In the early 1990s it felt as if the Israeli Left had won. In 1992, the first election I ever voted in, Meretz won 12 Knesset seats. A year later Prime Minister Yitzhak Rabin signed the Oslo agreements. At that time, my IDF unit was working on a just and fair distribution of water resources between Israel, the Palestinians, Jordan and Syria. We believed the conflict was about to end.
The Right did not accept defeat.
The Left often argues that the Right murdered Rabin and with him our progressive future. But this a partial and biased narrative. The truth is that even before Rabin’s murder, the Right had devised a strategy to win back public opinion.
Funded by American Jewish conservatives, they established think tanks, like the Shalem College, the Institute for Zionist Strategies and the Kohelet Policy Forum, which present policy analyses and pump out right-wing talking points.

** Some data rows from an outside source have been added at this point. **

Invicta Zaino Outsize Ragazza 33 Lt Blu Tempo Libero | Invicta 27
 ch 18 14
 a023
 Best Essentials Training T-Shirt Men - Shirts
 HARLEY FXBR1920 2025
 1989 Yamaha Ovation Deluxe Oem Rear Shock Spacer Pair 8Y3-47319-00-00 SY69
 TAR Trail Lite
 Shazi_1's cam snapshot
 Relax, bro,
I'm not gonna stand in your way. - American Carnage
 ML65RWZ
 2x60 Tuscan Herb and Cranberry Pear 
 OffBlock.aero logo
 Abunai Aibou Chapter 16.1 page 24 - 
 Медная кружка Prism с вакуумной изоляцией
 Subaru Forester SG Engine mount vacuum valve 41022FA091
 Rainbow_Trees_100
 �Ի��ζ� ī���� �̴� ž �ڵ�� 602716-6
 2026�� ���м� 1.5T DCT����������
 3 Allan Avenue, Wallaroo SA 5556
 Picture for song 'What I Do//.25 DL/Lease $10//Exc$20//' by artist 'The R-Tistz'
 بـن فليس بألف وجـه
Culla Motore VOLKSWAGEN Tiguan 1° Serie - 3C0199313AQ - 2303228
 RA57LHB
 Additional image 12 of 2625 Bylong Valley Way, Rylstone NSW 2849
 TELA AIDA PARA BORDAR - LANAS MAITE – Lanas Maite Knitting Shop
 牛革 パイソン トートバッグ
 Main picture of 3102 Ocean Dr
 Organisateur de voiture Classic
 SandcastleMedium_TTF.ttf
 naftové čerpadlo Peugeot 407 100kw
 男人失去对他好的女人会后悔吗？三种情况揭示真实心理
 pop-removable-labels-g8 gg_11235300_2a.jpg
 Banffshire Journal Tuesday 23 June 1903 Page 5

Simultaneously, Jewish American conservatives got into the business of funding right-wing media, leadership programs, pre-military academies and religious education groups. Today, when you enter an Israeli government building, most of the officials you meet are religious Zionists. American conservatives also paid for their economic, political and social education. A secular Israeli school principal is now much more likely to find lecturers on Jewish identity or values in a settlement than on a kibbutz.
After Rabin’s murder, the Right focused on building ideological infrastructures that offered alternative analysis and trained new leaders to take back the country. They were extremely successful.